When the enemy emitters (equipment which radiates electromagnetic waves) are located, they can either be destroyed by direct battle action, or they can be neutralized by jamming. Jamming involves turning on a powerful transmitter which can blot out the enemy’s signals or blind his radar observers.

However, there are countermeasures against jamming. One of these, known as “frequency hopping”, involves quickly tuning the radar of communications transmitter to another waveband, thereby eluding the jammer. Jammers, on the other hand, can be broadbanded, allowing them to continue to cover the operations of some frequency hoppers.

Sometimes, the enemy can be fooled into thinking that he is receiving signals from a friendly transmitter – when in fact they are from our own stations. During World War 2, for example, the Germans transmitted a radio navigation beam which their bombers could follow to London despite fog or blackouts. However, the British soon learned how to “bend” the beam and turn the Nazi bombers away from London.

With today’s technology, a military pilot can detect if he is being “painted” by radar. His countermeasure equipment enables him to alter the signal reflected from his aircraft so that the enemy radar will “think” he is several miles from his actual position. This technique is known as “spoofing”.

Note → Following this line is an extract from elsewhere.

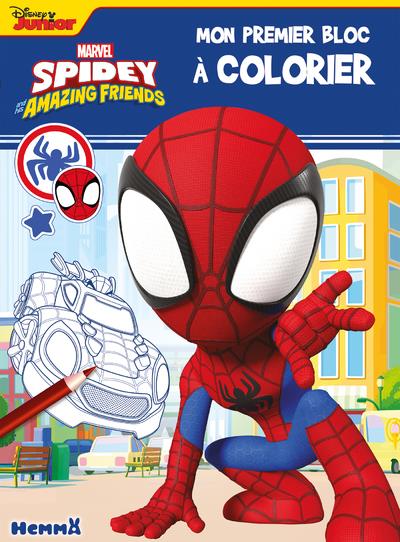 Mon premier bloc à colorier Spidey and his amazing friends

He may not know it, but the moth frequently employs electronic warfare to elude his arch-enemy, the bat. Bats, of course, navigate and locate their pray by means of a sophisticated echo location system.  They emit pulses of sound and listen for the faint return echoes to tell them the distance and direction of objects. The moth, on the other hand, possesses amazingly sensitive ears, which can hear sounds over a frequency range of 3,000 to 200, 000 cycles per second. A moth thus knows when a bat is “looking” at him. Frequently upon hearing a bat, a moth will close his wings and drop vertically and rapidly into the vegetation where the bat cannot follow. Moths also have passive countermeasures against the bath’s acoustic attack system. The wings of a moth are covered by a soft, fine hair which acts as an acoustical damper, significantly attenuating (or absorbing) the bat’s sonar wave reflections. The range within which the bat can find the moth is thus considerably reduced.

The soft, fine hair on a moth’s wing is one of his passive countermeasures. The hair absorbs part of the bat’s sound waves, thereby reducing the rang at which the bat can detect him.

There are many other examples of special electronic warfare systems used by birds, mammals, fish and insects. Many have jamming systems, navigation systems, radar-like warning systems and even decoys that rival man’s ingenuous systems. The ink injected by the squid, for example, is a cigar shaped blob which immediately coagulates in the water and looks very much like the squid itself. In other words, it is a decoy. As the squid ejects this decoy, he also contacts his chromatophores, making his body colorless and practically invisible. The predators thus attack the decoy.

Unlike the systems used in the animal kingdom, man’s electronic warfare is continually and rapidly changing, with new techniques calling for new countermeasures, and these in turn demanding anti-countermeasures.